>>>
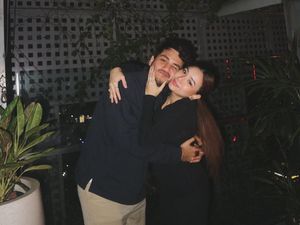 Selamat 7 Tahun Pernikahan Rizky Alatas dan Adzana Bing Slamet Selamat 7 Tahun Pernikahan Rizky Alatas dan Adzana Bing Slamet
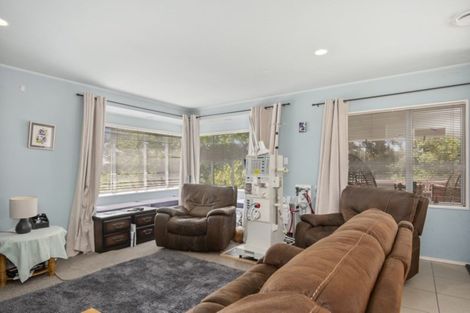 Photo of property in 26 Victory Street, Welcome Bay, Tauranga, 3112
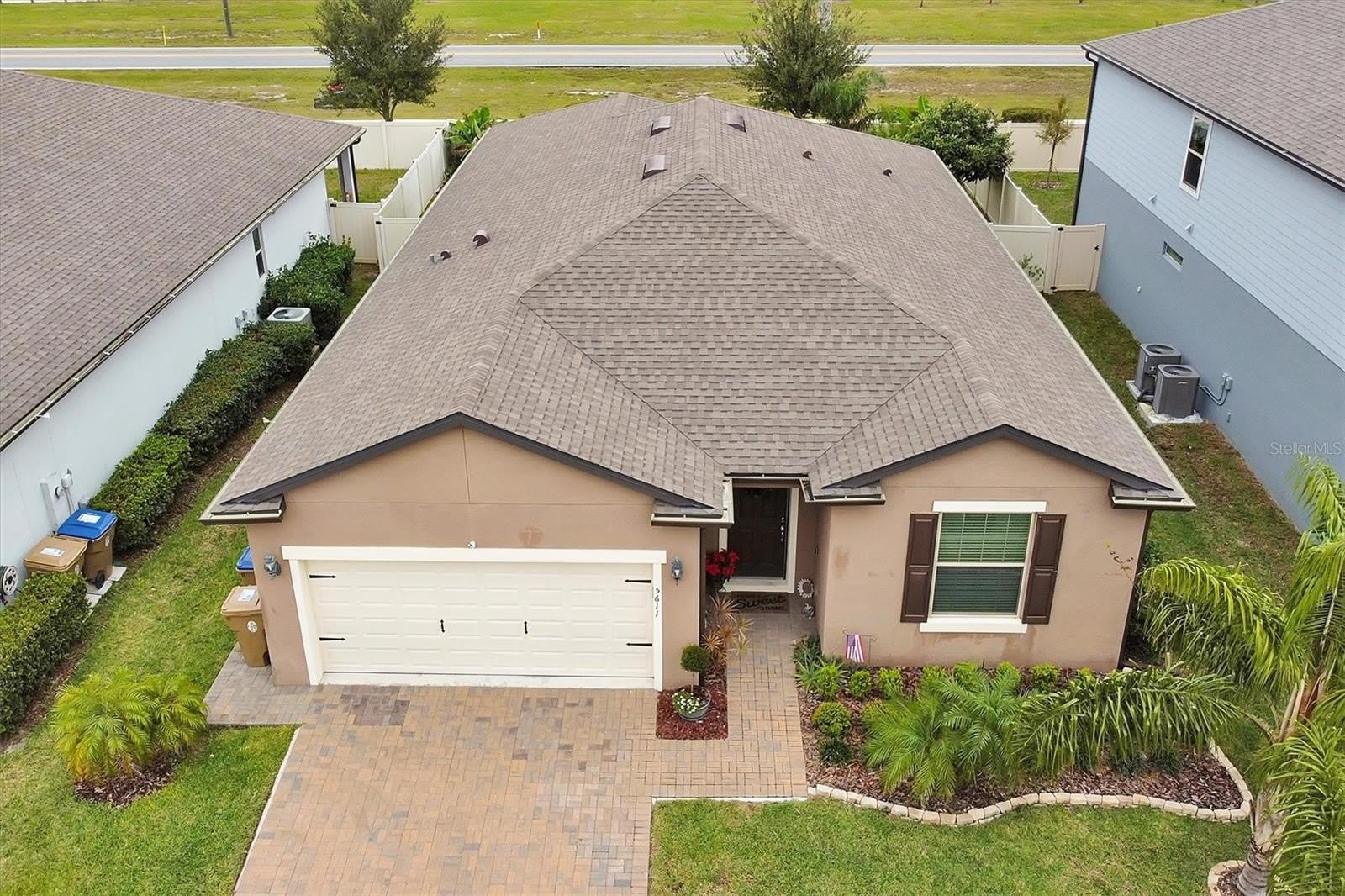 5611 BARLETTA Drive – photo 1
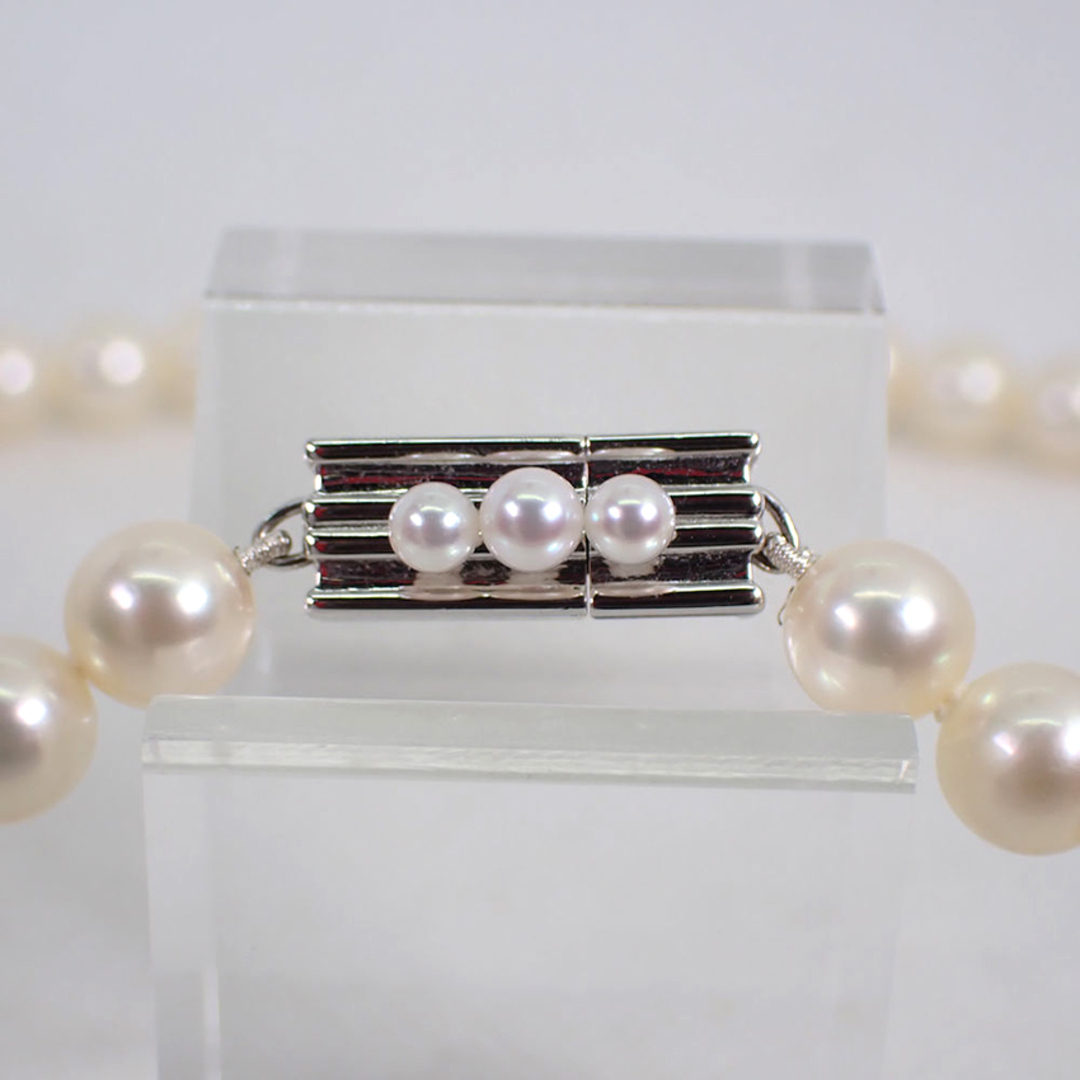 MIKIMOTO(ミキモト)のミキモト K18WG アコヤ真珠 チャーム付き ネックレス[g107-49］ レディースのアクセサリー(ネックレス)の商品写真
<<<
◆ **Work to complete**
Begin the copy at the line containing "Photo of property" and end it at the final line of the material above, reproducing each line exactly and omitting pictures.

◆ **Answer box**
 Photo of property in 26 Victory Street, Welcome Bay, Tauranga, 3112
 5611 BARLETTA Drive – photo 1
 MIKIMOTO(ミキモト)のミキモト K18WG アコヤ真珠 チャーム付き ネックレス[g107-49］ レディースのアクセサリー(ネックレス)の商品写真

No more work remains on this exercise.